A User-Defined Function (UDF) is code written by a user (or developer) that runs inside the Aerospike database server. UDFs can significantly extend the capability of the Aerospike Database engine in functionality and in performance. Aerospike currently only supports Lua as the UDF language.
See the UDF feature guide.
Compared to other scripting languages, Lua is very simple and powerful.
Lua is a powerful, fast, lightweight, embeddable scripting language. Lua combines simple procedural syntax with powerful data description constructs based on associative arrays and extensible semantics. — Lua.org
Lua has been used to great effect in a number of similar projects, such as arbitrary re-write rules within the Apache Squid proxy, UDFs in both Redis and Postgres, and other projects.
Aerospike creates a queue of Lua contexts—no more than one per thread, per registered UDF—greatly reducing latency and increasing performance.
Record UDFs execute on a single database record. They can create, update, or delete a record.
The Record UDF API provides:
- Access to the record object, including its bins and metadata (generation, TTL)

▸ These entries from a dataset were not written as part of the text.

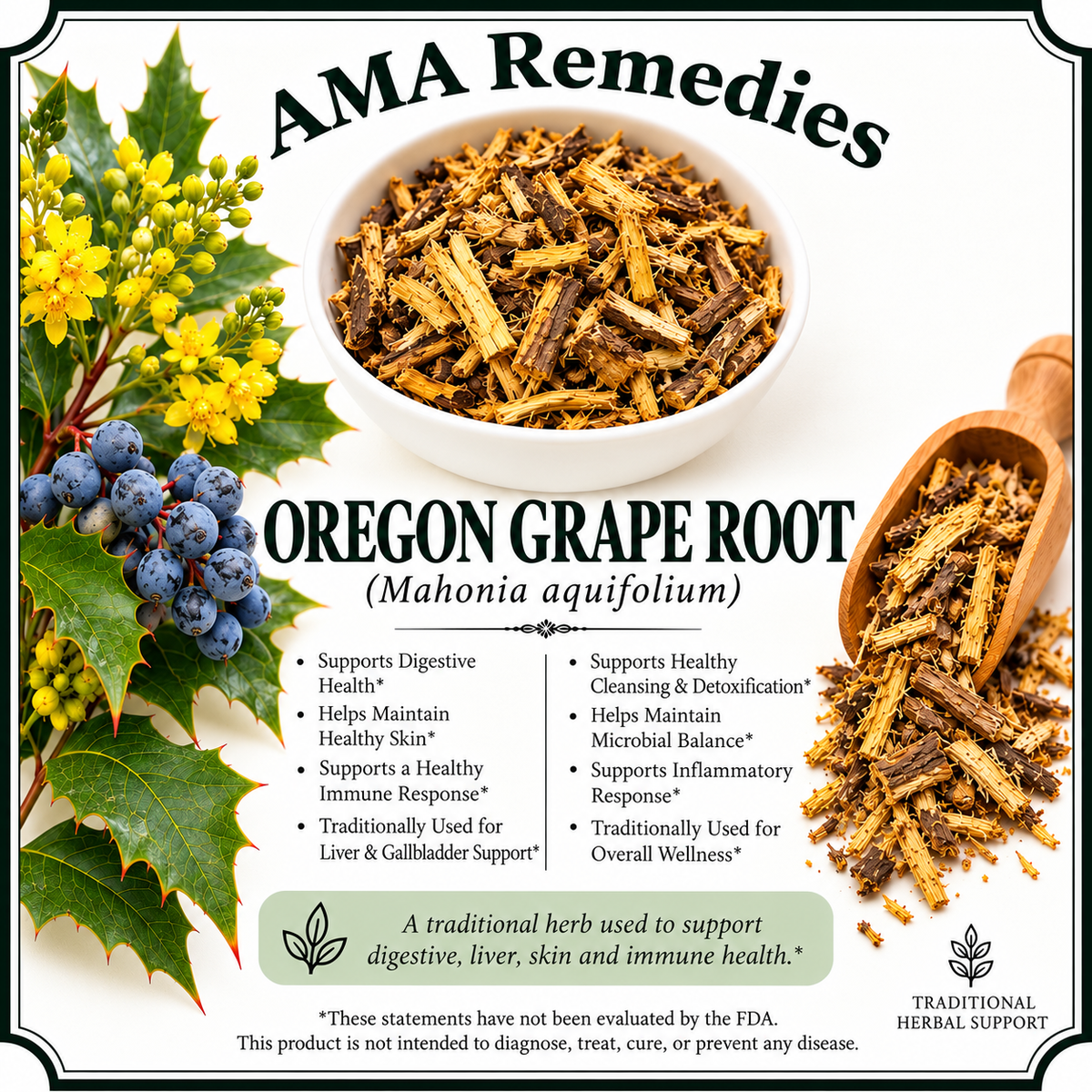 Oregon Grape Root (Mahonia aquifolium)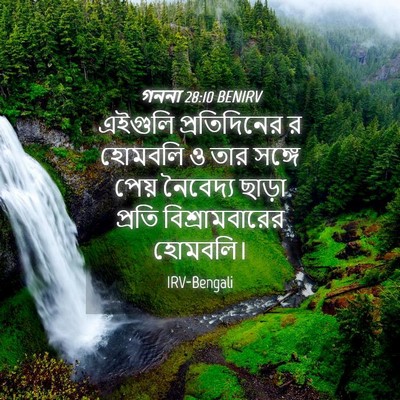 Picture 04 - গননা 28:10 BENIRV - এইগুলি প্রতিদিনের - Bible Verse Picture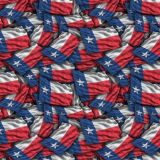 Texas-State-Flag.jpg
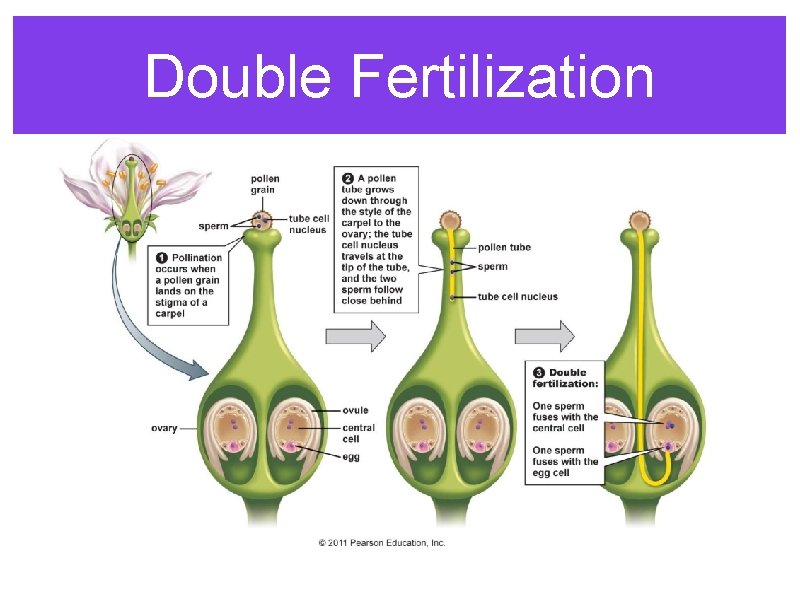 Double Fertilization 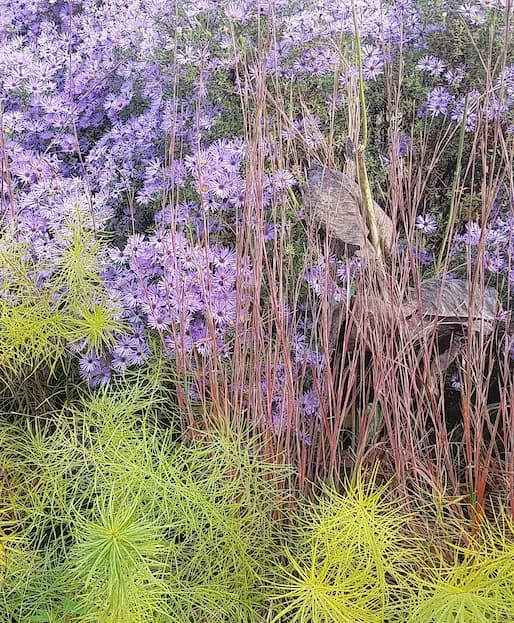 The rosey colors of Little bluestem (Schizachyrium scoparium 'Standing Ovation'), golden Amsonia hubrichtii, and purple Aster oblongifolius 'October Skies' show off in this fall garden bed.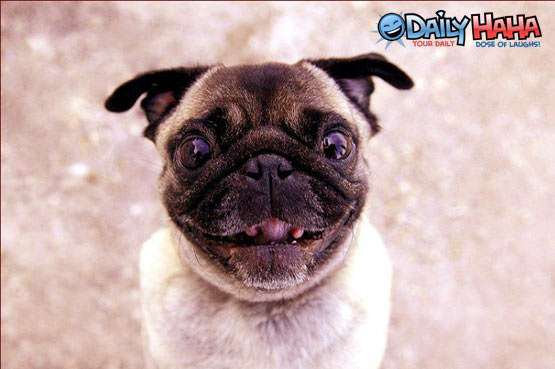 Smiling Pug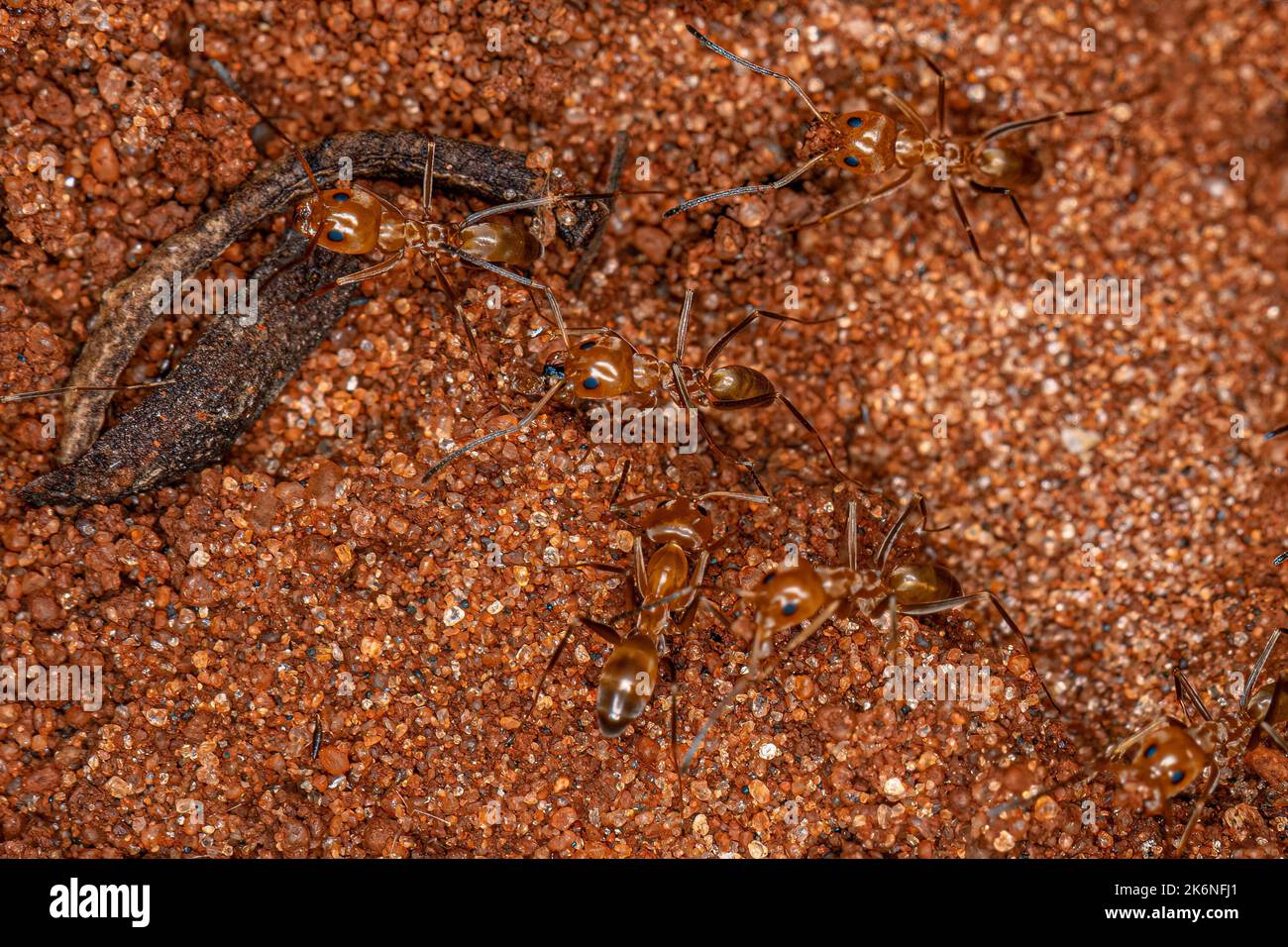 Adult Pyramid Ants of the Genus Dorymyrmex Stock Photo Alamy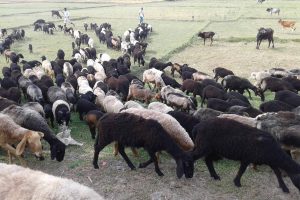 जमुवा चौकमा भेडा चर्दै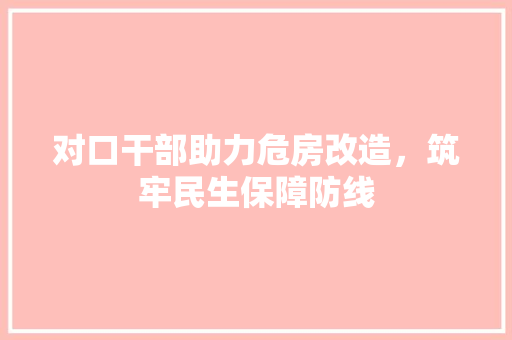 对口干部助力危房改造，筑牢民生保障防线 建筑设计
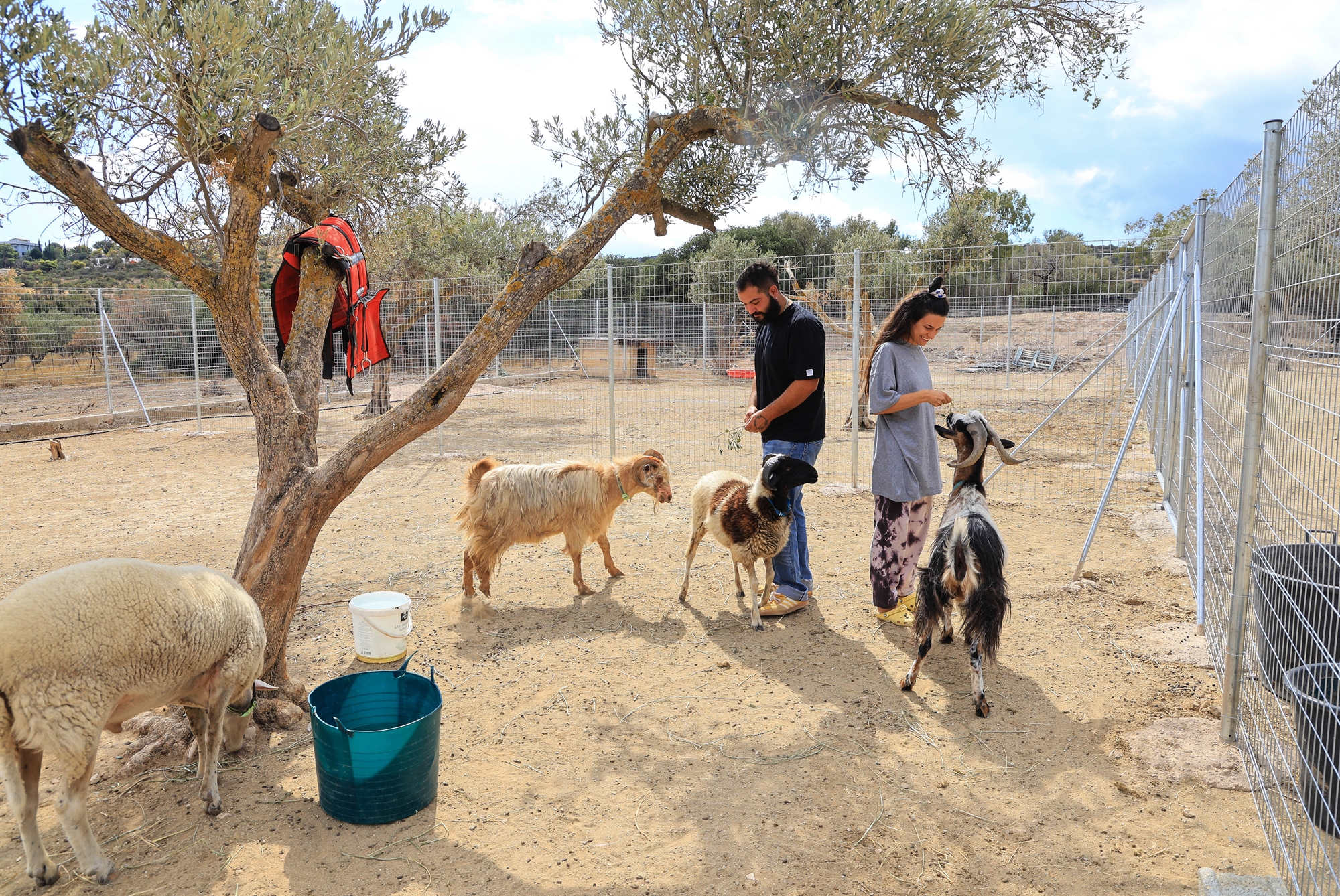 Στο «ντιβάνι» των τετράποδων θεραπευτών-2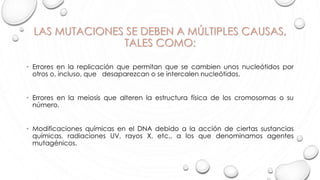 LAS MUTACIONES SE DEBEN A MÚLTIPLES CAUSAS,
TALES COMO:
• Errores en la replicación que permitan que se cambien unos nucleótidos por
otros o, incluso, que desaparezcan o se intercalen nucleótidos.
• Errores en la meiosis que alteren la estructura física de los cromosomas o su
número.
• Modificaciones químicas en el DNA debido a la acción de ciertas sustancias
químicas, radiaciones UV, rayos X, etc., a los que denominamos agentes
mutagénicos.
 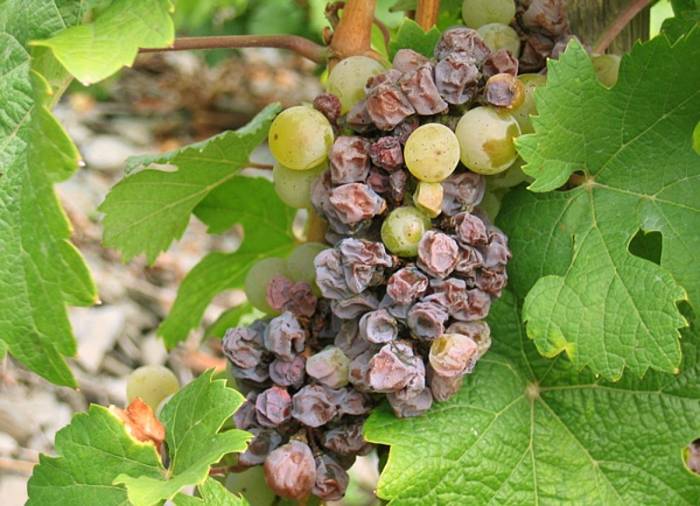 El hongo botrytis cinerea transforma la uva y da origen a los vinos dulces más valorados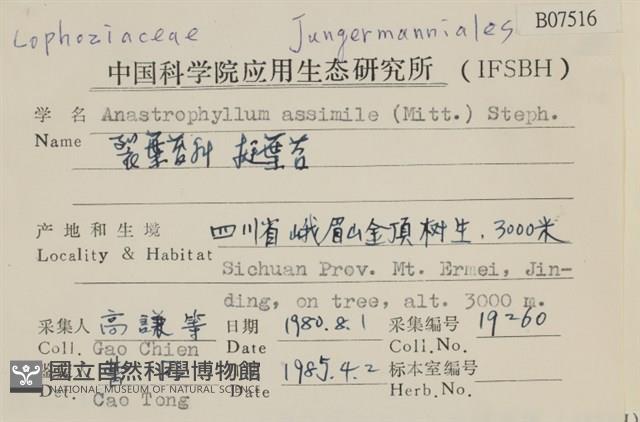 挺葉苔藏品圖，第2張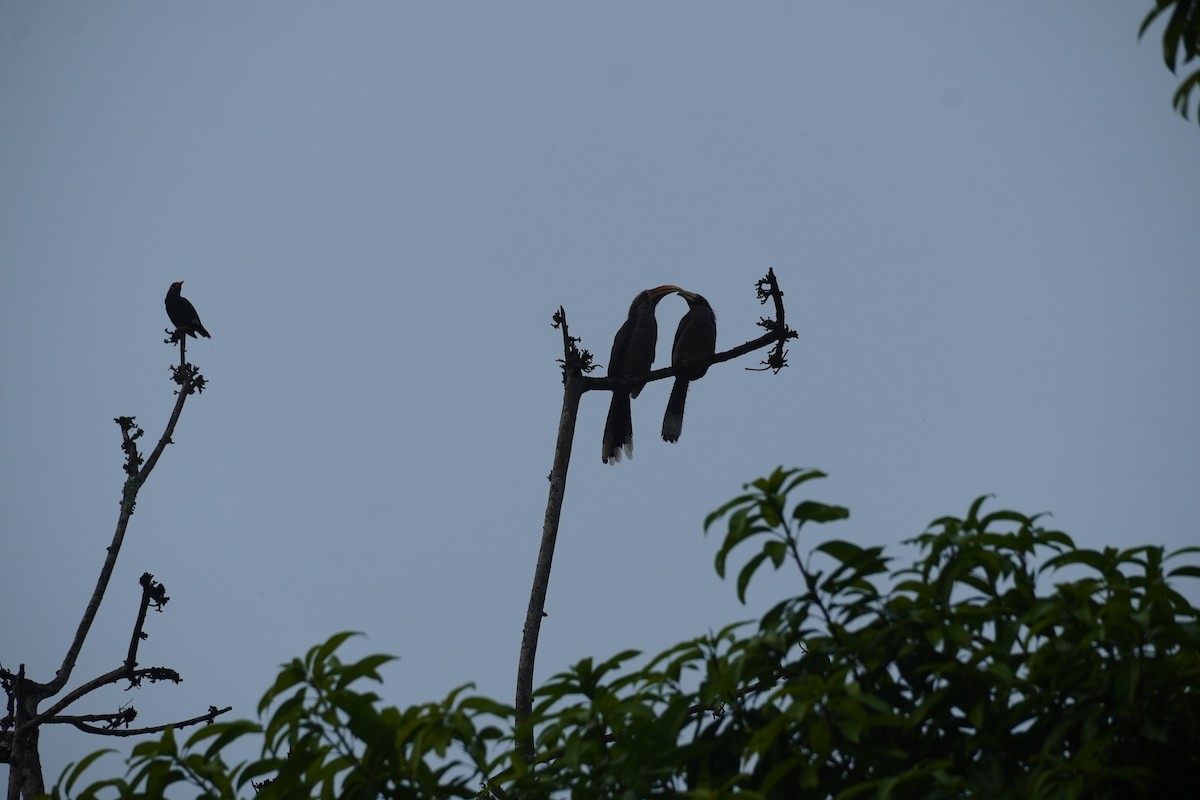 Malabar Gray Hornbill - Selvaganesh K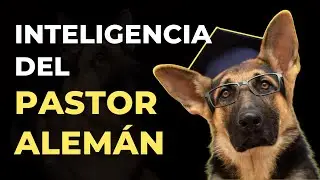 ¿POR QUÉ LOS PASTORES ALEMANES SON TAN INTELIGENTES?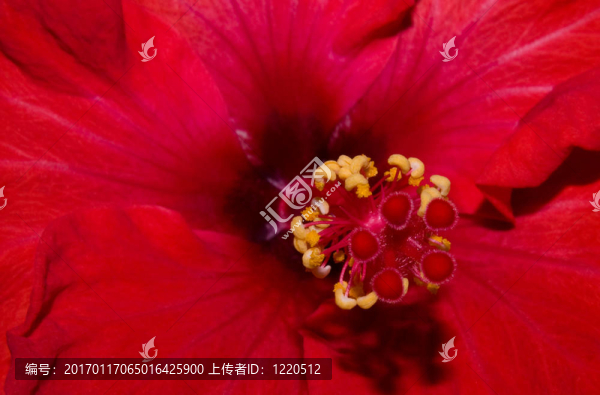 極端靠近一個(gè)紅色的木槿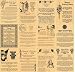 12 Book of Shadows Pages on Crystal Magic - Wicca Posters - Real Witchcraft Spells - Heavy Parchment - BOS Pages (Gold)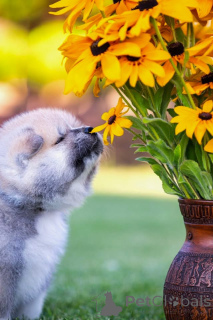 Foto №4. Ich werde verkaufen akita in der Stadt Alytus. züchter - preis - 2000€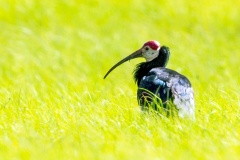 Southern Bald Ibis [Geronticus calvus]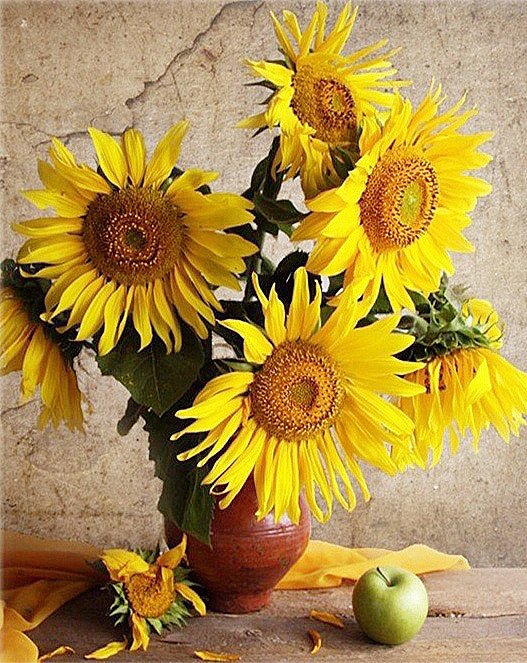 Słoneczniki - букеты - оригинал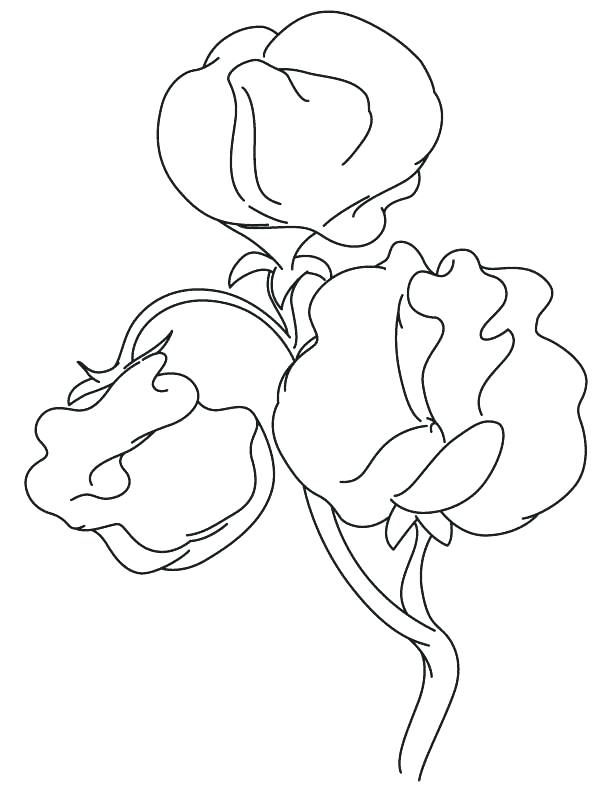 612x792 Plant Coloring Pages Fancy Plush Design Parts Of A Flower Page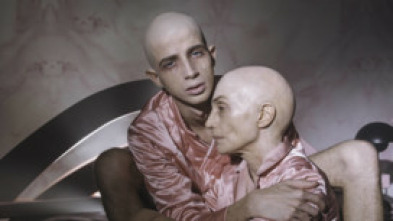 Imagen de La piedad - 5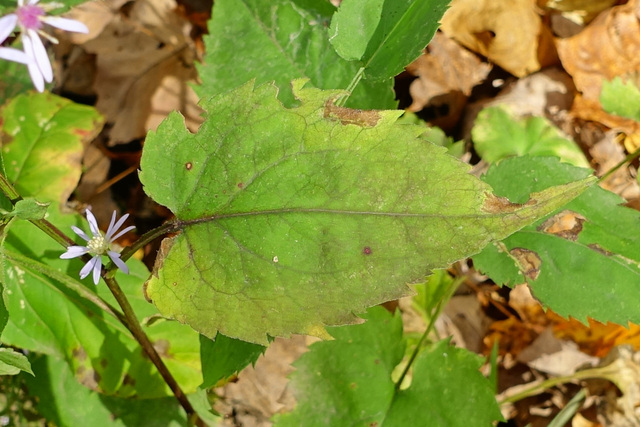 Symphyotrichum cordifolium - leaves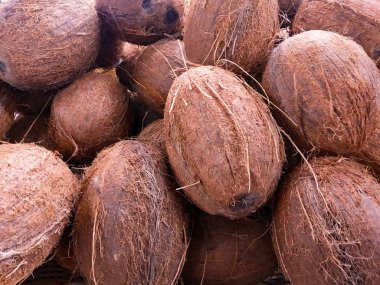 Hindistan cevizi yığını bir sepet içinde birlikte yığılmış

- Easy manipulation of collection data types (CDTs), such as Map and List
- Easy binary access to blob data types
Record UDFs execute in the transaction main flow. Every Record UDF is part of a flow that accesses a row in the database, creates the Lua Record object, and invokes the Lua function to allows the UDF to operate. Sometimes the record does not exist, which allows the UDF to create a record, and allows record manipulation.
See the feature guide section on Record UDFs.
Stream UDFs perform read-only operations on a collection of records. The Stream UDF system allows a MapReduce style of programming, which is used for common, highly parallel MapReduce jobs such as word count—each row is accessed and a list of words and their counts are emitted. The top results are calculated in a reduce phase. For simple aggregations where counters are simply incremented in a context instead of continually creating and destroying objects, Aerospike provides optimal implementation.
An important difference between the Aerospike Stream UDF system and typical MapReduce frameworks is that the Aerospike Stream UDF is very low latency and has high reliability in a shared-nothing architecture.
Instead of coordinated job control, Stream UDF queries are sent to all cluster nodes by a requesting client. They are managed and prioritized by each server. Results return to the requesting client, which performs final operations (such as reduce or final aggregation) before returning the results to the client.
Although this can result in high memory use on the client, the server cluster is not disrupted by a poorly formed query. If lightweight app servers need to make requests that demand a large final reduce stage, you can add an intermediate application server to use a REST or SOAP API. This acts like a coordinating agent, and that server can have a memory profile that fits the application load.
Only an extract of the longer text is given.